I was just reading on another forum that there is a Chrome addon that helps:

https://chrome.google.com/webstore/...gj?utm_source=chrome-app-launcher-info-dialog

It is working for me! Do not forget to clear your browser cache (at least for images) after installation.


----------



## foody518 (Jul 5, 2017)

Let me know if yall can see this 
http://i958.photobucket.com/albums/ae69/foody518/Mobile Uploads/20170406_181246.jpg~original


----------



## valgard (Jul 5, 2017)

foody518 said:


> Let me know if yall can see this
> http://i958.photobucket.com/albums/ae69/foody518/Mobile Uploads/20170406_181246.jpg~original



had to click and took a while to load but could see the pic


----------



## Pensacola Tiger (Jul 5, 2017)

foody518 said:


> Let me know if yall can see this
> http://i958.photobucket.com/albums/ae69/foody518/Mobile Uploads/20170406_181246.jpg~original



I can follow the link, but the image does not display within the post, probably because the image tags are missing.


----------



## foody518 (Jul 5, 2017)

Pensacola Tiger said:


> I can follow the link, but the image does not display within the post, probably because the image tags are missing.

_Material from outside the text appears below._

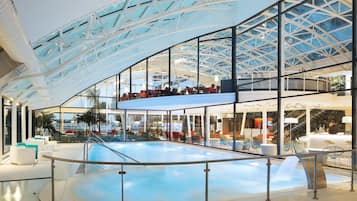 Indoor pool, sun loungers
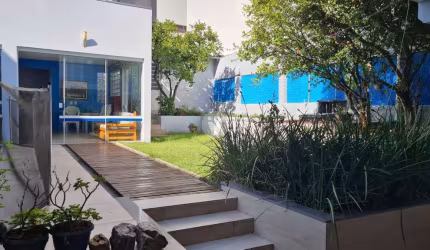 Casa Residencial + Casa Comercial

Thanks Rick (and Carlos). I have had little success with getting photos to show up in the post if using a web URL vs direct file upload to KKF


----------



## mark76 (Jul 6, 2017)

What changed at Photobucket is that they don't allow you to embed images on other sites unless you pay them $400 (!!!). This change didn't/doesn't happen overnight, so at this moment it may still work for some people and not for others. Photobucket also got some minor other overhauls.

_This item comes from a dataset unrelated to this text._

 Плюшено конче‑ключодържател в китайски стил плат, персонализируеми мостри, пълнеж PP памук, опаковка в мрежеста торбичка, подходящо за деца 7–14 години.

I thinks imgur.com and tinypic.com are very good alternatives.


----------



## Marek07 (Jul 6, 2017)

foody518 said:


> Let me know if yall can see this
> http://i958.photobucket.com/albums/ae69/foody518/Mobile Uploads/20170406_181246.jpg~original


Late to the party but the link displays just fine. No Chrome mods required.


----------



## OneStaple (Aug 24, 2017)

Just testing whether my pictures are coming out from google drive...

Take two...

Take three with vgy...


----------